Adapting Occupations to Live a Changed Family Life. Despite having accepted and learned to live with their changed family life, the participants made constant minor adaptations of occupations to enable their changed family life to continue. They said that they now shared a family life that had changed, where family members had taken joint responsibility to enable everyday life to function. They described how the family had had to change roles and modify tasks, such as splitting up shopping, where the participant could be responsible for making the list and the partner did the actual shopping. It was important for the participants to focus on occupations that enhanced family relations, and particularly their relations with their children, emphasizing the relationship rather than the occupation itself. They tried to share the company of their children’s friends, or they strove to be a role model for their children. In contrast, they also described how they could withdraw from occupations because this would enhance family relations and thereby sustain the changed family life. The participants said that they constantly were prepared to alter family plans, which was required to live the changed family life.

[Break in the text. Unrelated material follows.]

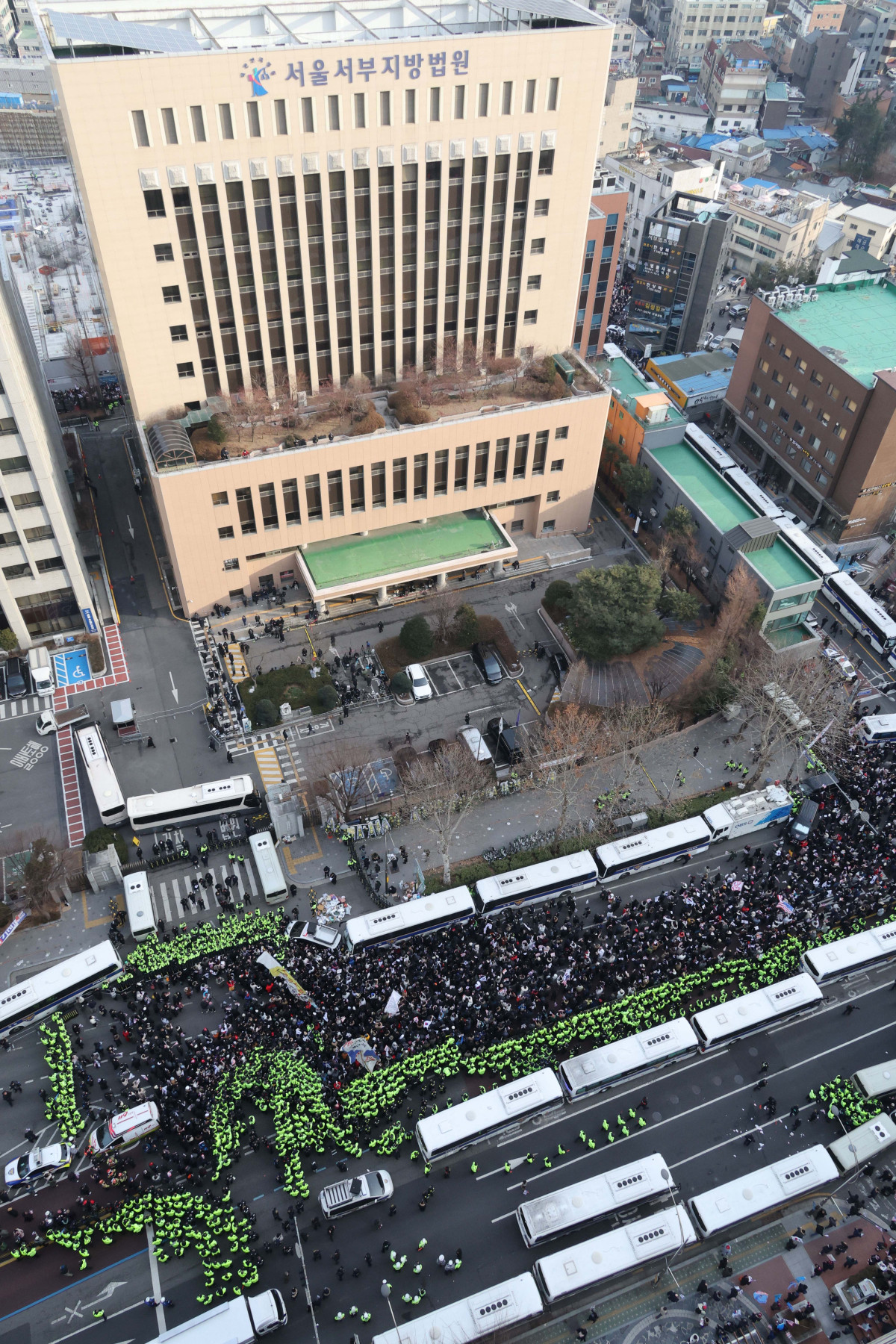 ▲내란 우두머리 혐의로 체포된 윤석열 대통령의 구속 전 피의자심문(영장실질심사)이 열린 18일 서울 마포구 서울서부지방법원 앞에서 윤 대통령 지지자들이 집회를 갖고 있다. 신태현 기자 holjjak@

This meant that they always had several alternative plans to facilitate occupations conducted together with the family. They also described how they tried to improve family life by protecting their family from feeling ashamed and by being sensitive to the needs of family members. Thus, the participants were careful to find a balance involving the family in occupations related directly to their illness, so that if the family was reluctant to become involved, the participants respected it. They also described that they protected
their family, and mainly the children, when they explained to people connected to the family about their disability. The purpose of providing such information was to reduce anxiety about the disease and the disability, and to emphasize that those with disabilities do not live a different life compared to other people. As one participant explained, I have. . .explained to them [the son’s friends] about how assistive devices work. . . . They are allowed to play with my wheelchairs, walkers, and crutches, and sometimes they have a competition to see who can roll fastest down the slope in the garden. . . . I have talked about MS and disability to his class as well.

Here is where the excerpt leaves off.